As far as ‘90s sports figures go, these strange forays into pop culture were…unique. So was the merch that accompanied them. This Champion t-shirt was one of a number of items sold around the show. A trove of official and unofficial Rodman gear from the period exists online, and new important paraphernalia continues to be discovered every day. Rodman, of course, wasn’t alone in his pursuit of off-the court media exposure. That same year, his more-famous teammate starred in a major production of his own.

The Bootleg Bulls

Etsy – PreserveVintage

There is perhaps no greater indication of a cultural phenomenon’s relevance than the range and depth of counterfeit material that blooms around it: remember the fake Yeezy storefront that reportedly opened in Wenzhou, China? The Jordan-era Bulls slightly predate the manic streetwear age, but they inspired a similarly fervent knockoff culture.
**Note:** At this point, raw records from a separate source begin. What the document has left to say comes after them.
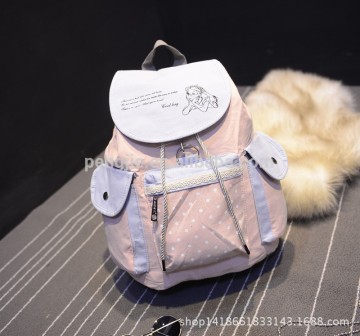 Cute girl newest lovely cotton student school bag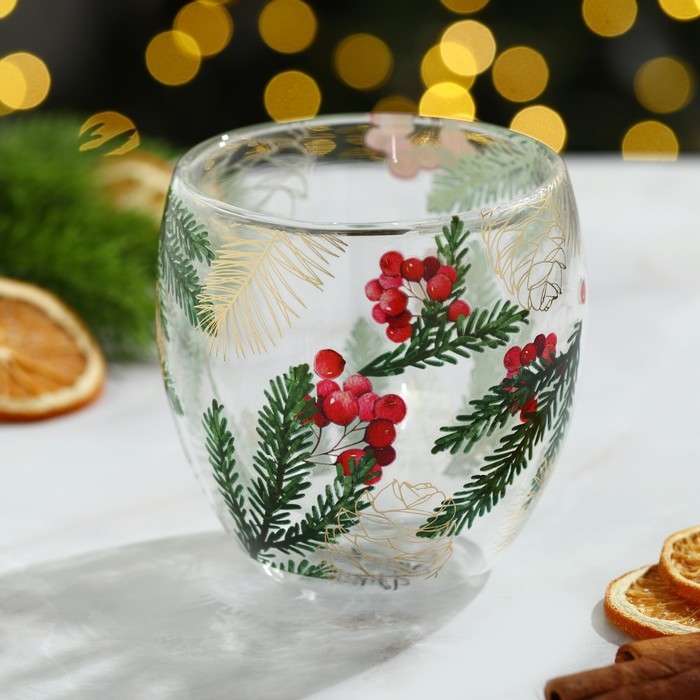 Новый год. Стакан с двойными стенками &laquo;Зимние истории&raquo;, 250 мл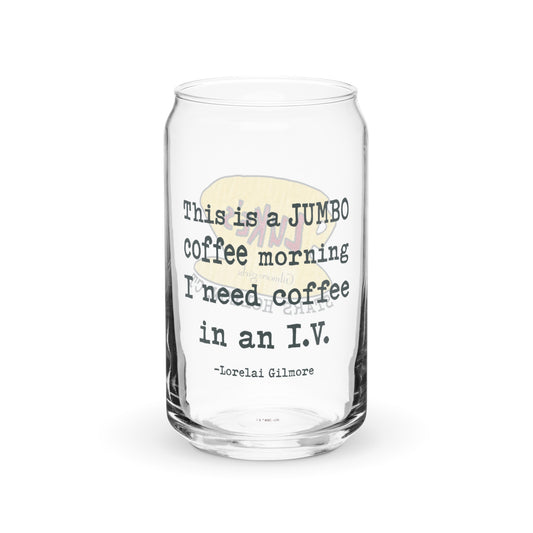 Gilmore Girls Luke's Diner This is a Jumbo Coffee Morning 16 oz. Can Shaped Glass
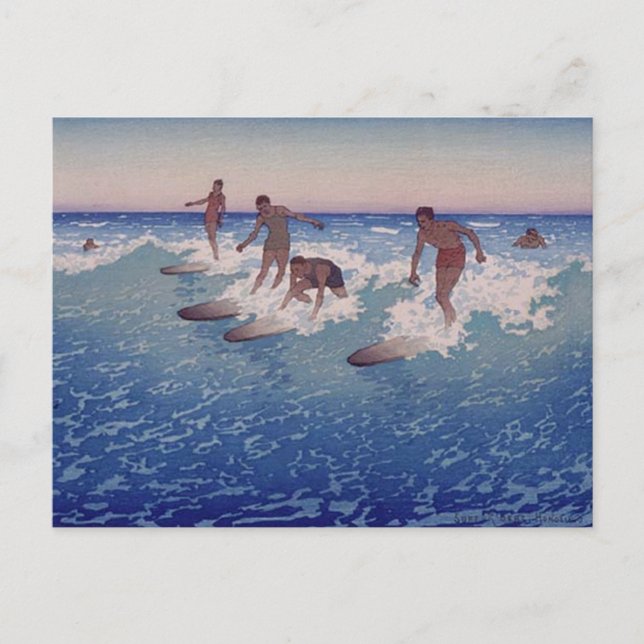 'Surf-Riders, Honolulu' - Postkarte (Vorderseite)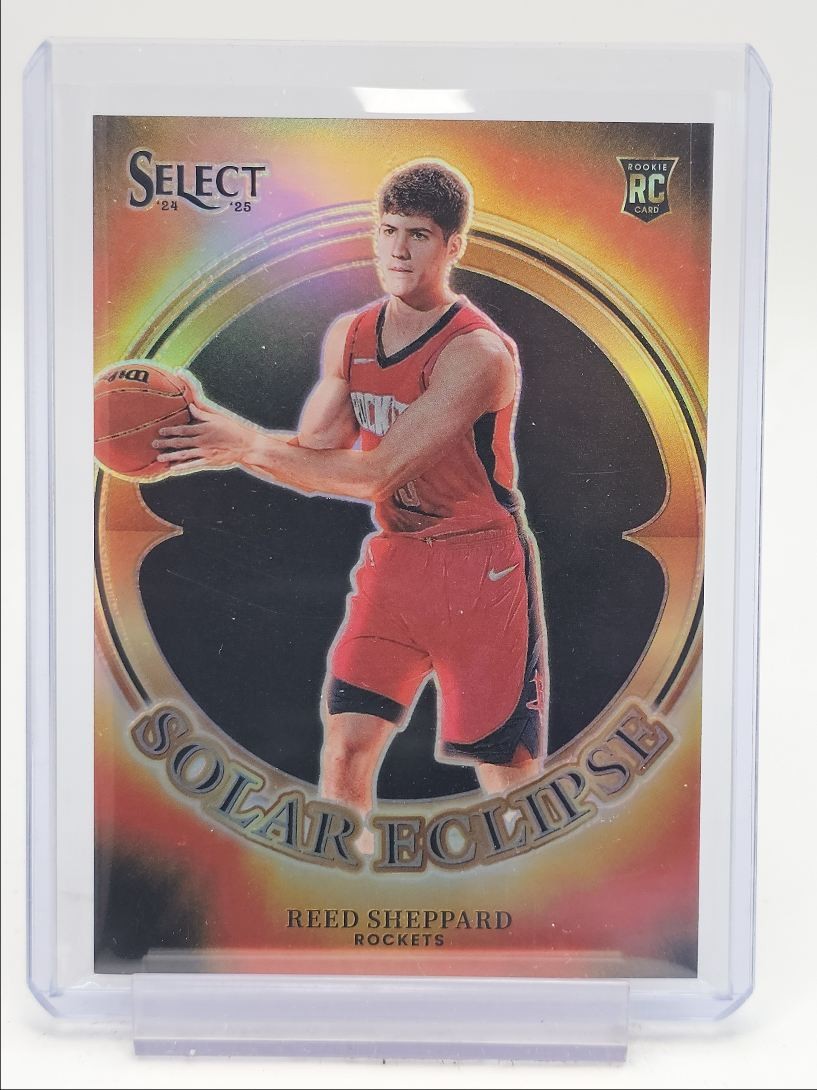 REED SHEPPARD 2024 SELECT SOLAR ECLIPSE ROOKIE ROCKETS #4 RC Q5692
But according to Will Wagner, the aim of most 90s bootleggers differed slightly from today’s fakesters.

“What’s cool about bootleg T-shirts from the ‘90s is that [each one] was someone’s own, individual creation,” he explained to me. “Today, [bootleggers] try to make them so close to the official stuff that you can’t even tell. In the ‘80s and ‘90s, it was just about taking an iconic image and putting it on a T-shirt with some other cool, iconic images.”

This was the governing logic of “Bootleg Bart”—an ’80s wave that saw bootleg T-shirt makers recast the snarky Simpsons character in the role of a range of pop-cultural archetypes, including: an anti-apartheid advocate, a soldier in the Gulf War, and a certain star shooting guard for the Chicago Bulls. Being turned into a Bart Simpson t-shirt was a de facto certificate of notoriety. Judging by the Screen Stars Best tag here (a Fruit of the Loom-owned brand that produced cheap blank T-shirts popular among independent screen printers at the time), this “Air Bart” shirt dates back to the late ‘80s or early ‘90s, right at the beginning of the Bulls’s ascendency.